**Daniel Roche**

**Department of Computer Science
United States Naval Academy**

**3:30 PM**

**154 Hurley**

**Pattern Matching, X+Y, and Sparse Multiplication**

The pattern matching problem is about finding a search pattern (possibly with wildcard characters) within a larger text, and has applications ranging from music retrieval to genetics. The X+Y problem is a basic algorithmic puzzle: given two sets of integers X and Y, find all sums (x+y) between the elements of the two sets. Finally, sparse polynomial multiplication is the problem of determining the product of two multivariate polynomials, where only the nonzero terms of the input and output are explicitly stored.

On the surface, these problems are entirely unrelated.
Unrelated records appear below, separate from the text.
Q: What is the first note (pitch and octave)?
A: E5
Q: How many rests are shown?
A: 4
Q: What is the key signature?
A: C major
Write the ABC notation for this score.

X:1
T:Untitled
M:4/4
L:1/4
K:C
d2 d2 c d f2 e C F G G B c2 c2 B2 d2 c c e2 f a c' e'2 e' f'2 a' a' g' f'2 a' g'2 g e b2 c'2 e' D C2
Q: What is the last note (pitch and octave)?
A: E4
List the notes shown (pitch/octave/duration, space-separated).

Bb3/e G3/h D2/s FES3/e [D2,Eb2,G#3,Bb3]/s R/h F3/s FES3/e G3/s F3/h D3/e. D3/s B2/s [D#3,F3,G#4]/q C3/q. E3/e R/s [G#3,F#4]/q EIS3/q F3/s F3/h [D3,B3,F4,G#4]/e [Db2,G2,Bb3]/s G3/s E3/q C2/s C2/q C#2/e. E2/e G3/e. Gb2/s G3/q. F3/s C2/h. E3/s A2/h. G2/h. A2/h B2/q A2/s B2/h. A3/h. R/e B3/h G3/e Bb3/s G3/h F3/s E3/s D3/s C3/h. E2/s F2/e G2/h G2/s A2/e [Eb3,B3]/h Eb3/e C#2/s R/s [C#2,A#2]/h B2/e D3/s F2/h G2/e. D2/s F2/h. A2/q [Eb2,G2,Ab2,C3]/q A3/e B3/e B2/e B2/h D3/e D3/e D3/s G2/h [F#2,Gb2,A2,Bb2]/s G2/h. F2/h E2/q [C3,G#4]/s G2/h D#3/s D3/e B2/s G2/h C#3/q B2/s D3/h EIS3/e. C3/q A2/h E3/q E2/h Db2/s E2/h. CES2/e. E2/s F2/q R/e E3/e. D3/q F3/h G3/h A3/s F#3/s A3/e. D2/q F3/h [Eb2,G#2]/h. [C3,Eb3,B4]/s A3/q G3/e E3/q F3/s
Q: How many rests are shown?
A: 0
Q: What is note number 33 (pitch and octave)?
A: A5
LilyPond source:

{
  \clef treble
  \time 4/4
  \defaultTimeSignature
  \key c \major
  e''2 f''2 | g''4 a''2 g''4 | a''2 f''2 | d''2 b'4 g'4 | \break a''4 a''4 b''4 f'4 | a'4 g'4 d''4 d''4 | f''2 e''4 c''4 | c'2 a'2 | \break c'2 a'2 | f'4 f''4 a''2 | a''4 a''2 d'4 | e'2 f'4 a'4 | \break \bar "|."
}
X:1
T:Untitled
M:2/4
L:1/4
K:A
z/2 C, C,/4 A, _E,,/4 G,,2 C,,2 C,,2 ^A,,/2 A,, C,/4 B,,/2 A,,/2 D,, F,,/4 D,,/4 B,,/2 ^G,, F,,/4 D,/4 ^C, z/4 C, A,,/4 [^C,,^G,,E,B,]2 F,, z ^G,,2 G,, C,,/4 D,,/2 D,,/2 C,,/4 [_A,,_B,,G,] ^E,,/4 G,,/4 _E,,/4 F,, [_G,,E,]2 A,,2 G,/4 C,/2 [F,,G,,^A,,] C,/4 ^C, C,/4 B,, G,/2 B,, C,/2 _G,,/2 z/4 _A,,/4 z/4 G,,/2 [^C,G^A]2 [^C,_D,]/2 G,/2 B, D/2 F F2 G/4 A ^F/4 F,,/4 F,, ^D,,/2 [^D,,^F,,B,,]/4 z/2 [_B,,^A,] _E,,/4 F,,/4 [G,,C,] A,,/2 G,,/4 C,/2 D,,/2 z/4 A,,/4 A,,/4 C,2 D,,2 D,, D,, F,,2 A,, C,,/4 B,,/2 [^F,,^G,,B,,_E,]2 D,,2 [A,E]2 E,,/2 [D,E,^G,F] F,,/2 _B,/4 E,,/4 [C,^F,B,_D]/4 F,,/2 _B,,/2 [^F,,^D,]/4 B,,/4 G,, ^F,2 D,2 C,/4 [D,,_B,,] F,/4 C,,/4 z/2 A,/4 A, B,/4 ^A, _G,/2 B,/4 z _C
But they all share an important similarity from a computational point of view: in the worst case, they require quadratic running time, but in many cases the size of the output is significantly less than the worst-case bound suggests. This happens because of overlapping matches in pattern matching, repeated sums in X+Y, or colliding terms in polynomial multiplication. So it is reasonable to seek output-sensitive algorithms, whose running time decreases when the output size is small.

As it turns out, the core to solving all three problems comes from recent advances in sparse polynomial interpolation, that is, discovering a formula for an unknown polynomial after sampling it at a small number of chosen points. We will outline the connection between each of these important problems and sparse interpolation, and present a randomized algorithm to compute the answer to all three in “nearly linear” expected running time.

This is joint work with Andrew Arnold at the University of Waterloo.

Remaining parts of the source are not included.